If you’re currently making less than $100 net a year on D2D, it is still the cheapest distributor even with the new fee. For Self-Publishing in German, I made a table with all the main distributors (with a German market focus, but the three major English-language ones, D2D, StreetLib and PublishDrive, are included). I had to update this before publication (this is really, really going to be the last change I make!) and it’s clear that if you’re on the lower end of the income scale, D2D is still your best option for wide and library distribution.

Table showing book distributors in comparison

There is a second table in the book that shows what stores/libraries the distributors can get your books into, but if you’re looking at library distribution only with a focus on Overdrive as the main one, your options are Draft2Digital, StreetLib, PublishDrive and Feiyr.
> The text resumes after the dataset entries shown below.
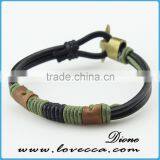 Wholesale Cheap Engraved Braided Leather Bracelet With Fashion Charm and Stainless Steel Buckle thumbnail-4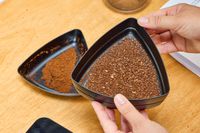 Coffee beans ground in the Breville The Smart Grinder Pro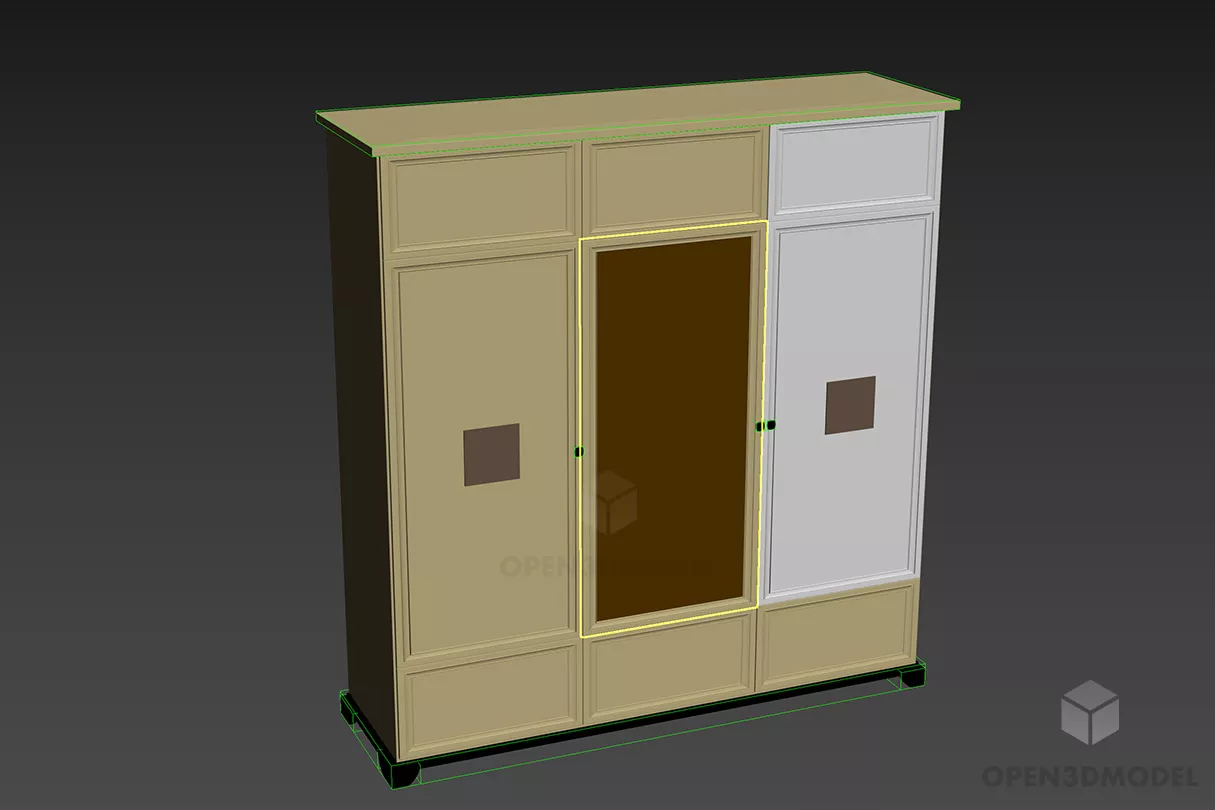 Asian Royal Big Mirror Carved Frame 3d model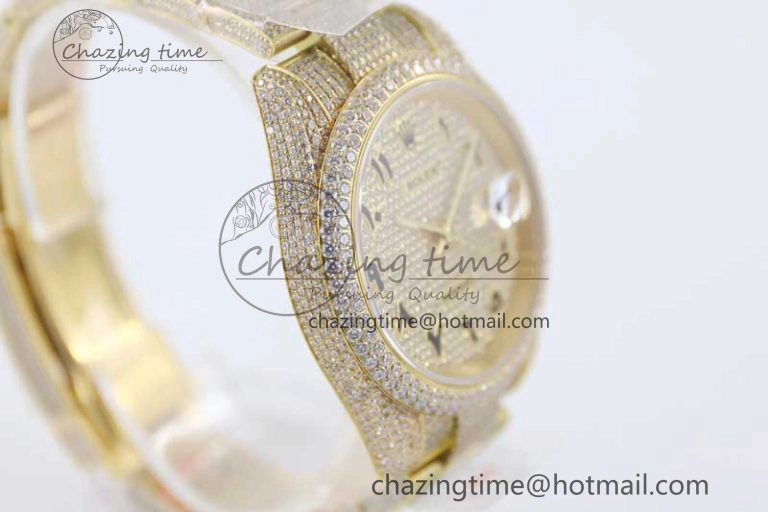 Datejust 41 YG Full Diamonds TWF 1:1 Best Edition Arabic Markers Dial on Bracelet A2824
Draft2Digital have said that if you want to stop using them for distribution to save the fee, it’s best to unpublish your books on their dashboard rather than to delete your account completely. That way, if you ever want to use them again in the future, you won’t have to pay the account activation fee.
I will make another post about increasing your library borrows soon, but for now, check out Mark Leslie Lefebvre’s ‘An Author’s Guide to Working with Libraries and Bookstores‘.